How The Fed Fuels The Coming Inflation: What WSJ And Allan Meltzer Got WrongCommentary by Bob McTeer
May 08, 2014
The title above is also the title of an opinion piece by Allan Meltzer in the May 7, 2014, Wall Street Journal. Let me say that I am an acquaintance and long-time admirer of Alan Meltzer. He is the world’s foremost historian of the Federal Reserve. Also relevant, he is a long-time “monetarist” and co-founder of the Shadow Open Market Committee, formed to critique Fed monetary policy.
While I agree with some of Meltzer’s points and disagree with others, the most frustrating thing about his piece was the title “How the Fed Fuels the Coming Inflation.” I know from experience that authors have little say in the titles the WSJ puts on their contributions; so he might not be committed to it. But he has more clout in such matters than I ever would; so he may be complicit.
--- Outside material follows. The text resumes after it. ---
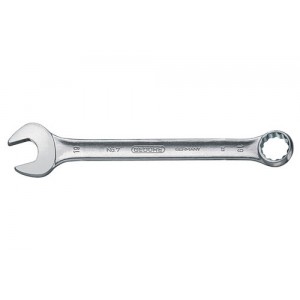 Lehtsilmusvõti 4 mm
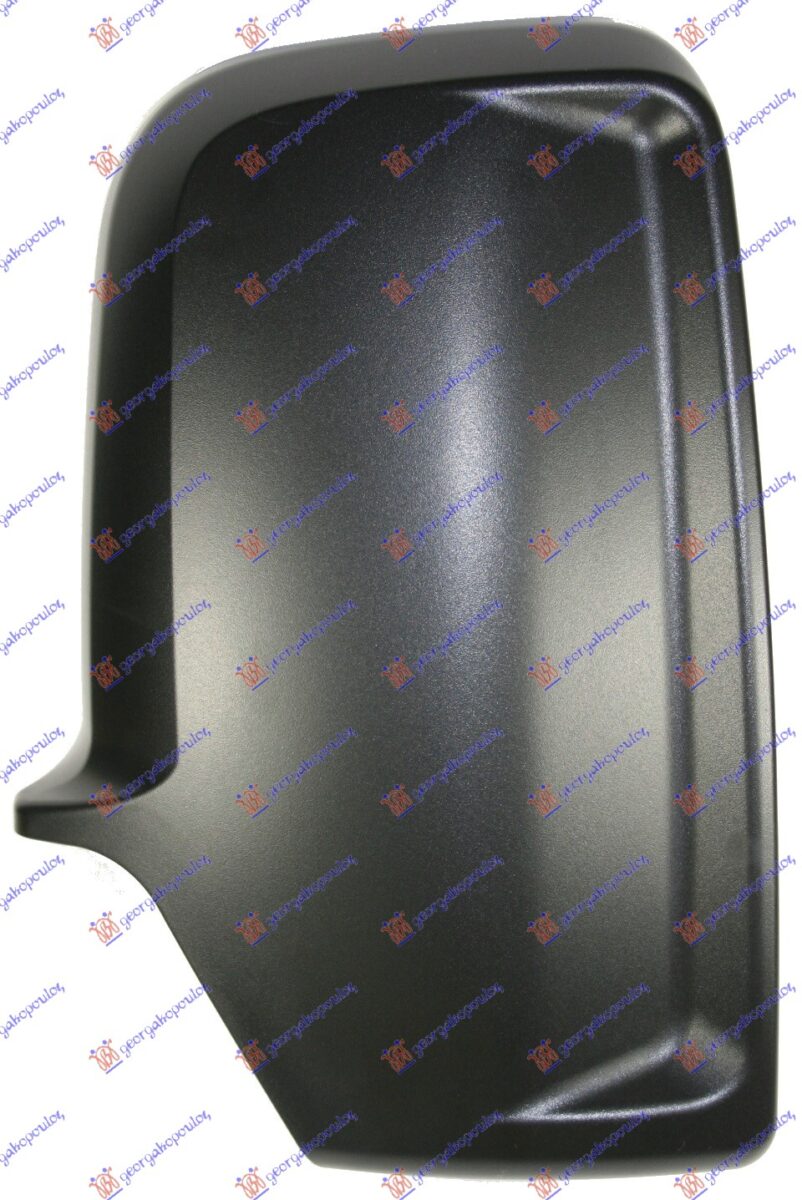 ΚΑΠΑΚΙ ΚΑΘΡΕΦΤΗ ΔΕΞ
One thing wrong with the title is that it is open ended. Meltzer and many others have been saying the same thing for several years and inflation hasn’t arrived yet. They can never be proved wrong as long as inflation is assumed to be just over the horizon. A gong should go off to stop the cake walk and let everyone find his chair. Whether intended or not, the ploy of inflation in the future is similar to the one where a policy is called an experiment. As long as it is succeeding, it is still an experiment and the jury is still out. Only if it ultimately fails is the experiment considered concluded. An experiment can never be refuted as long as the experiment continues, and neither can the absence of predicted inflationary consequences as long as we get to count future inflation.
Meltzer calls attention to the very large budget deficits in recent years, largely financed by Fed purchases of bonds:
“Never in history has a country that financed big budget deficits with large amounts of central bank money avoided inflation. Yet the U.S. has been printing money—and in a reckless fashion—for years.”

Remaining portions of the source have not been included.